Quanti canti ancora avrebbe riannodato in questi 20 anni che non c’è più stata, se solo il destino avesse deciso diversamente per lei. 

Maria Carta è uscita di scena il 22 settembre del 1994, nel dolore di un male che ha consumato il suo corpo senza spegnere la sua voglia di vivere e di amare la vita.

Nei suoi occhi ha vibrato il carattere di un popolo di cui si è sentita fiera e paladina, col suo canto ha cosparso frammenti di storia e di Sardegna nel mondo affinché non calasse il sipario sul teatro di un’isola che aveva “sofferto affanni da secoli” e strizzato versi d’amore e dolore nelle poesie. 
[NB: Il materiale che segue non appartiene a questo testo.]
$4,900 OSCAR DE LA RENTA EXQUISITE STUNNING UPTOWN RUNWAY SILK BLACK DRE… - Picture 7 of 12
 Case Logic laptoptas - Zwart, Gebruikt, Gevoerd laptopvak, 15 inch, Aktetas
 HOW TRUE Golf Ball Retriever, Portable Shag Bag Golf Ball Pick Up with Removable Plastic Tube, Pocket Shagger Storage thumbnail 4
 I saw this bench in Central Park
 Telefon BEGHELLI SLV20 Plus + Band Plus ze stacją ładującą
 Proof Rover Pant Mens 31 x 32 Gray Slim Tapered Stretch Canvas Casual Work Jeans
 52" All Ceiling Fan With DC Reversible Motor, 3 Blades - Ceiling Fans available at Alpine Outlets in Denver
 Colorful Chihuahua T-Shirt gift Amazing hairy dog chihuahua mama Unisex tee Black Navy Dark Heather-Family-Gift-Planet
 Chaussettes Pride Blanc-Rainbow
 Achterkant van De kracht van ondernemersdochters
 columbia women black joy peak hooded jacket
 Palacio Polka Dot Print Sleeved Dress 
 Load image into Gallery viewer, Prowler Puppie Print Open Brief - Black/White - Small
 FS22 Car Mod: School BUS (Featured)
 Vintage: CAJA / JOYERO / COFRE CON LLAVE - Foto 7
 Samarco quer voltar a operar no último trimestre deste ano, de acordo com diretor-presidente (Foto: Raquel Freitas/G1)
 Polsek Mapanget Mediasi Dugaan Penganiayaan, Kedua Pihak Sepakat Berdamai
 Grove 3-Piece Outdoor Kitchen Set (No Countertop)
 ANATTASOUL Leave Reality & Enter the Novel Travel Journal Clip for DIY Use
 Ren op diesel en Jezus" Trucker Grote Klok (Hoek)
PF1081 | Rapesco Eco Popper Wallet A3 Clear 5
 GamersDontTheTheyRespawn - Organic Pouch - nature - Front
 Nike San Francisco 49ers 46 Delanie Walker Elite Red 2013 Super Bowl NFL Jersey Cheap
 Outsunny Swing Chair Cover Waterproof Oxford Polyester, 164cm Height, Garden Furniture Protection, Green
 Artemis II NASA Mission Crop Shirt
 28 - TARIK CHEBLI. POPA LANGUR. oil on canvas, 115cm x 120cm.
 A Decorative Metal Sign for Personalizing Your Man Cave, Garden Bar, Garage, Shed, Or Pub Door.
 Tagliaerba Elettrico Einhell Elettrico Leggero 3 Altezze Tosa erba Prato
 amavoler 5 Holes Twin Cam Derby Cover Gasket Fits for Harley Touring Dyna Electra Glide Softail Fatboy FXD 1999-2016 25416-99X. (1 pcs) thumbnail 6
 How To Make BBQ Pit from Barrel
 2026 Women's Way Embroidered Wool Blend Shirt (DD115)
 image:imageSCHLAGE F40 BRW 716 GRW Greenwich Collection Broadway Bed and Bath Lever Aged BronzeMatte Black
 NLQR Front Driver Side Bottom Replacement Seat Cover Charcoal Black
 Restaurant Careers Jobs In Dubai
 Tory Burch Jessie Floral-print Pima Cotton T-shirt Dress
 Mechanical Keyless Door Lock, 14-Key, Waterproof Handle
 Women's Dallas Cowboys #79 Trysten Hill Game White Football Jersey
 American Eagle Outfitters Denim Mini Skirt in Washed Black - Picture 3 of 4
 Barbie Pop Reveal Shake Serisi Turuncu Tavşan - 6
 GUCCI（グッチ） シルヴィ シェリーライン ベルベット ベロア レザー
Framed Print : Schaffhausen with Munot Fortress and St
Era nata a Siligo e della sua terra aveva saputo cogliere il respiro, le albe e le ombre dei fiumi distesi sui panni da lavare quando le prime luci sorprendevano il nuovo giorno, le antiche filastrocche e i canti dell’addio.

Avvolta nel nero dei suoi lunghi capelli e profonda di scuro negli occhi aveva varcato i mari con il suo carico di nostalgie e con la voglia di esplorare, di camminare nei sentieri che l’avrebbero condotta verso palcoscenici importanti a intonare emozioni e preghiere con la sua voce che sapeva di miele e di ruvido.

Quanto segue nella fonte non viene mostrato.